* Prompt
Reproduce exactly, and only, the lines below from the one containing "Under-fire civil society" through the one containing "Detalle del encaje".

* Data for analysis

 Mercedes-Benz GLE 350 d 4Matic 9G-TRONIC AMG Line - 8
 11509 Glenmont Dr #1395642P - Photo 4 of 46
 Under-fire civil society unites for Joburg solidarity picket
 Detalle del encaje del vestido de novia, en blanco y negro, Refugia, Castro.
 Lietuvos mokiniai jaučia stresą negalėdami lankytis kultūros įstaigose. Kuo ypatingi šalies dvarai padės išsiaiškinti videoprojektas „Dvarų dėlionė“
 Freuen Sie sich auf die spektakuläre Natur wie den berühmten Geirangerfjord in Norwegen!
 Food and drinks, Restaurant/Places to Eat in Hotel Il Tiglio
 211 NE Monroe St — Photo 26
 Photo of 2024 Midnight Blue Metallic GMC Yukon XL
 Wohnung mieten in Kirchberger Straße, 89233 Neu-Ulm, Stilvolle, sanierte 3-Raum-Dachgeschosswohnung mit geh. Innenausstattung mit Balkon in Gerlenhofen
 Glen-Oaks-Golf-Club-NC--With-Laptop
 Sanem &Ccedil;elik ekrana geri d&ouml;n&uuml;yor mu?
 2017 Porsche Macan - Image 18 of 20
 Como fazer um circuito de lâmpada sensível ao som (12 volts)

* Exercise solution
 Under-fire civil society unites for Joburg solidarity picket
 Detalle del encaje del vestido de novia, en blanco y negro, Refugia, Castro.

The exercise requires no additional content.